=== TASK DATA ===

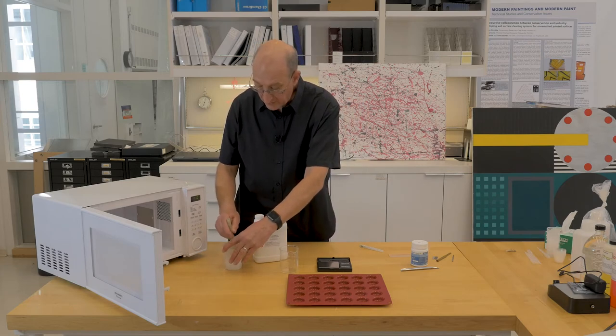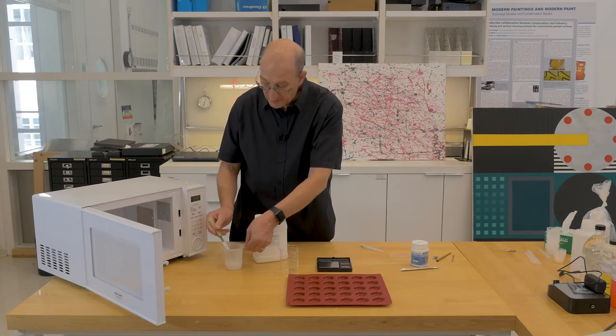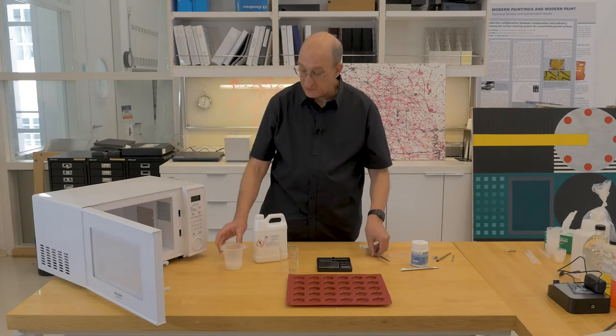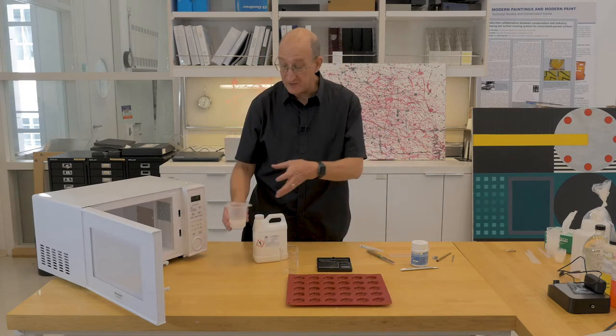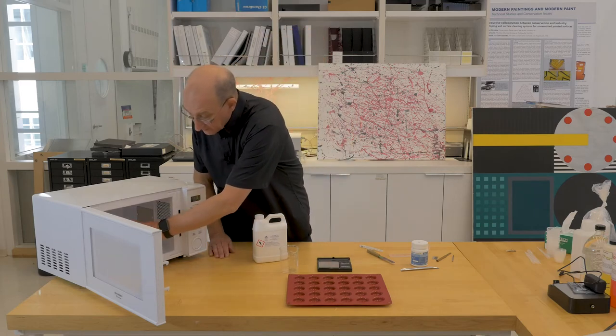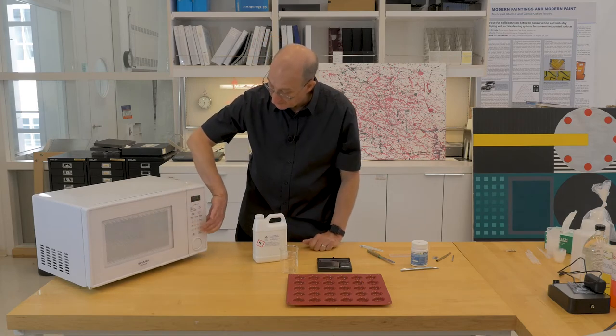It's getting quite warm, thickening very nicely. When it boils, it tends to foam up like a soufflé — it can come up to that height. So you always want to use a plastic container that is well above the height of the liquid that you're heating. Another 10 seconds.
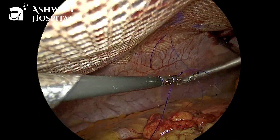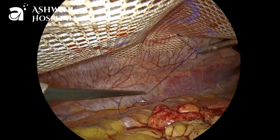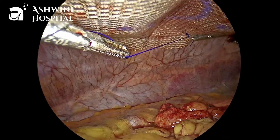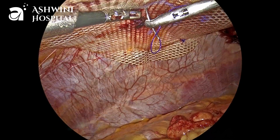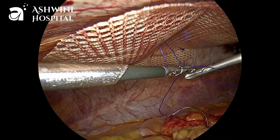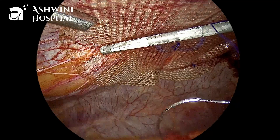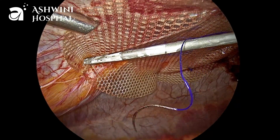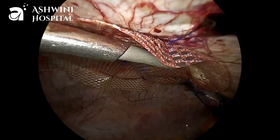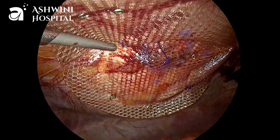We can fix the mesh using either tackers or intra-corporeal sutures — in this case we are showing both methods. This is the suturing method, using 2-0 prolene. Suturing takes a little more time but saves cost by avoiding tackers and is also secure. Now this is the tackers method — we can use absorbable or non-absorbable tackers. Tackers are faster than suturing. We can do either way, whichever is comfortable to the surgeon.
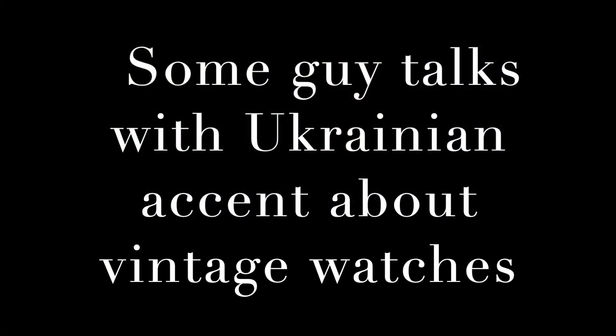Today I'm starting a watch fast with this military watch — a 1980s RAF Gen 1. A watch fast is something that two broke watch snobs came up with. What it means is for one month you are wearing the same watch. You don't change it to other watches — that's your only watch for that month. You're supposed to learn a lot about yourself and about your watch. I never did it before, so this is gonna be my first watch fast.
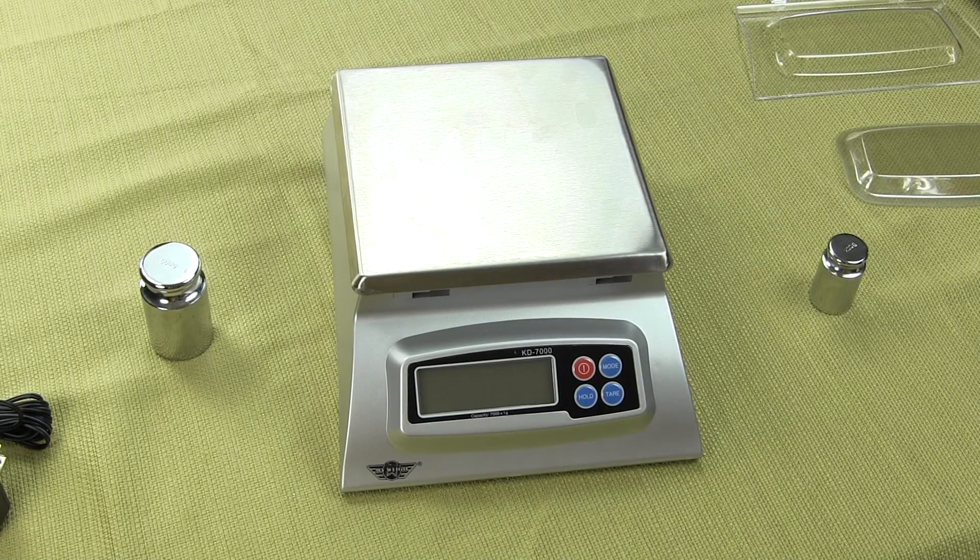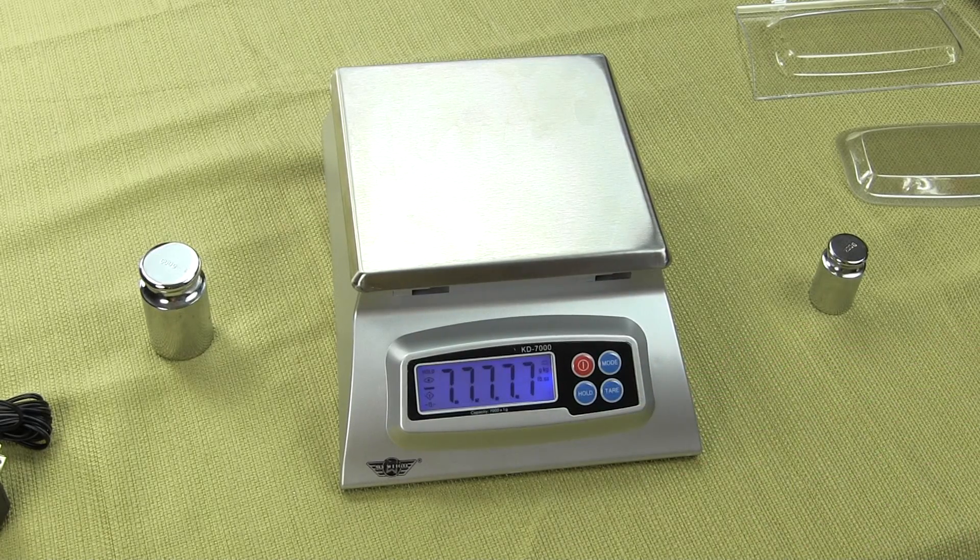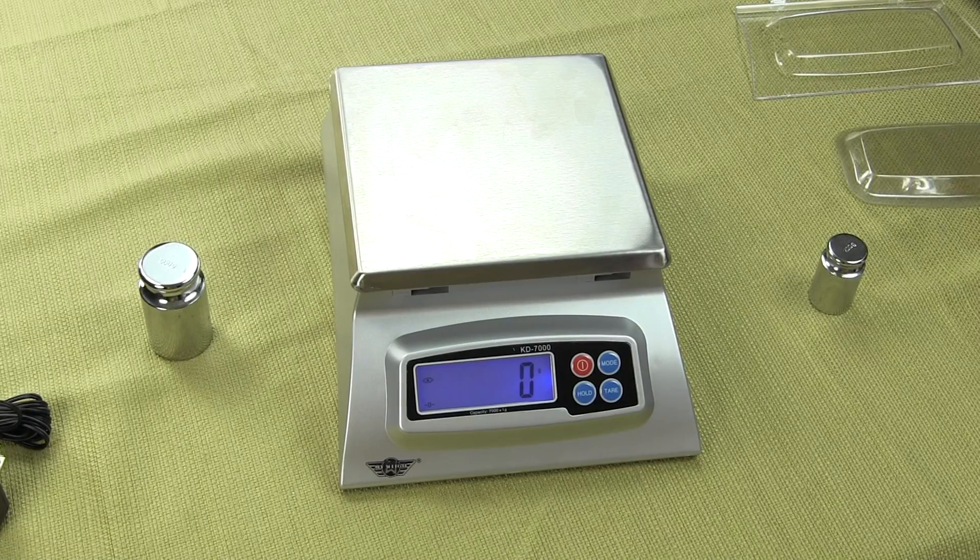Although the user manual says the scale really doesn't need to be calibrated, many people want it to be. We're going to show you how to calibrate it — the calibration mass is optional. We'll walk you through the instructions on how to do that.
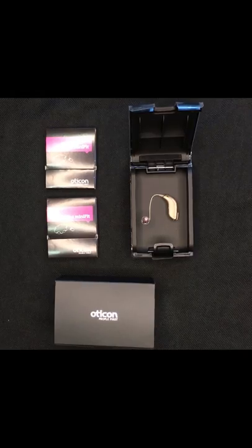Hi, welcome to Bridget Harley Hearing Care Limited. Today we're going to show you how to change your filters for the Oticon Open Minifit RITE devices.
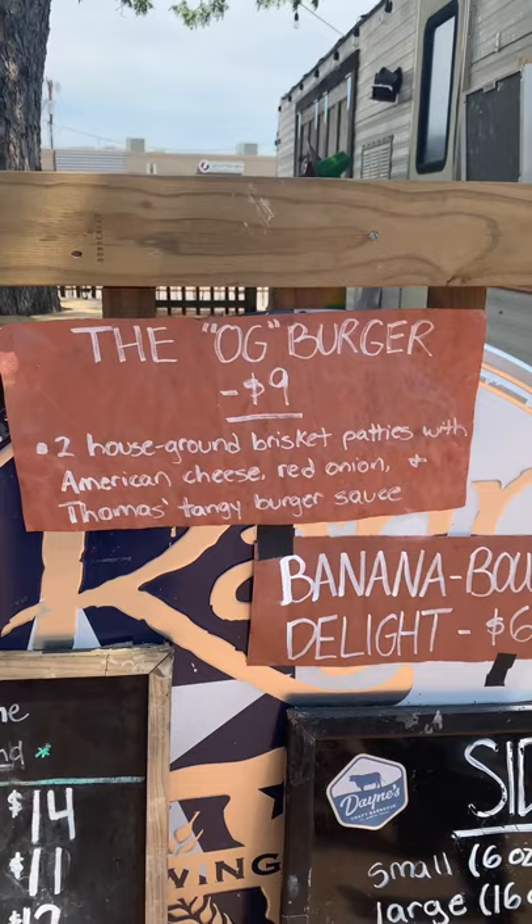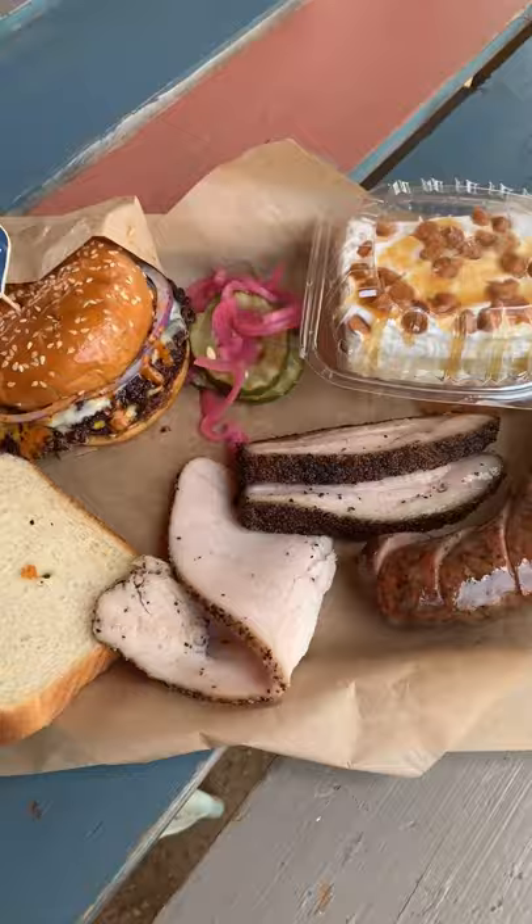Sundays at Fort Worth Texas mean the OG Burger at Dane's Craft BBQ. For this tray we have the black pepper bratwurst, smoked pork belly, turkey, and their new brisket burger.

=== WORK REQUEST ===
What is needed is a word-for-word repeat of every line from the line with "Although the user" to the end of the entries above; leave out the pictures.

=== SOLUTION FOR THIS TASK ===
Although the user manual says the scale really doesn't need to be calibrated, many people want it to be. We're going to show you how to calibrate it — the calibration mass is optional. We'll walk you through the instructions on how to do that.
Hi, welcome to Bridget Harley Hearing Care Limited. Today we're going to show you how to change your filters for the Oticon Open Minifit RITE devices.
Sundays at Fort Worth Texas mean the OG Burger at Dane's Craft BBQ. For this tray we have the black pepper bratwurst, smoked pork belly, turkey, and their new brisket burger.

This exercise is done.